The right course, the wondrous way, is to apply all excess gain to God’s cause and accept each storm as an opportunity. As one wise woman used to tell me, all of God’s tests are "good" tests. Handled correctly, they accrue to our benefit. There is actually a light -- a literal light -- at the end of a tunnel we will all traverse, and we must treat life in the light of that truth.

Do you know what the pastor of a church in Punta Gorda told his congregation right after the devastation of Hurricane Charlie?

"My message was the greatness of our community is being born through this suffering," he said -- picking up the pieces (and noting that the lamp in the Blessed Sacrament tabernacle was miraculously lit despite almost total destruction of the church).

When we don’t accept life as one long series of "good tests," we only frustrate ourselves. How many times do we find ourselves in a rut? Often, it’s because we were not open to the way God wanted us to shift course.

Through prayer, that openness, that surrender, grows. The more we pray, the more we envision the correct pathway, as well as the fruits of faith. Little prayers are answered, and then larger ones. The more prayers that are said (from the heart), the more opportunities there are to watch God work.

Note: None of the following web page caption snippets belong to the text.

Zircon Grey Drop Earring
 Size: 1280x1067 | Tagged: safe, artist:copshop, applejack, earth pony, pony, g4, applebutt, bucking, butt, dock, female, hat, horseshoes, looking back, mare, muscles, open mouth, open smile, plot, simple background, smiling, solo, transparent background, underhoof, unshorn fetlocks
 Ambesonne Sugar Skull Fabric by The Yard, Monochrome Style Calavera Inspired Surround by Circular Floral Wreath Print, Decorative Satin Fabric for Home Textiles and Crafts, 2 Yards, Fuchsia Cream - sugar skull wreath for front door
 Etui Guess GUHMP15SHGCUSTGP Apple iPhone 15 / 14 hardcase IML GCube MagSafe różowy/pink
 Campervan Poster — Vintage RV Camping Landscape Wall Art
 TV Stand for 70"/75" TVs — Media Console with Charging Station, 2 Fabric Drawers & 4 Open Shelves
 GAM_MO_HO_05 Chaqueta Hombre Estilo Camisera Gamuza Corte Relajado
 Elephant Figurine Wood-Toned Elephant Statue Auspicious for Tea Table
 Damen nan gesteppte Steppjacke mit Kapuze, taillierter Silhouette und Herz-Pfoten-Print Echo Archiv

Use faith as a muscle, and it will both grow and strengthen. Use it even through your pain, like a bodybuilder. Especially, use it when you are struggling, discouraged, or depressed. Use it even when it doesn’t seem to be working. Use it blindly and soon your "faith muscle" will grow to Herculean proportion. Pray about everything -- especially first thing in the morning (all the details of the day ahead).

Through prayer our faith is born, nurtured, and strengthened -- until what it produces is overtly miraculous, which means that big prayers are answered in astounding fashion.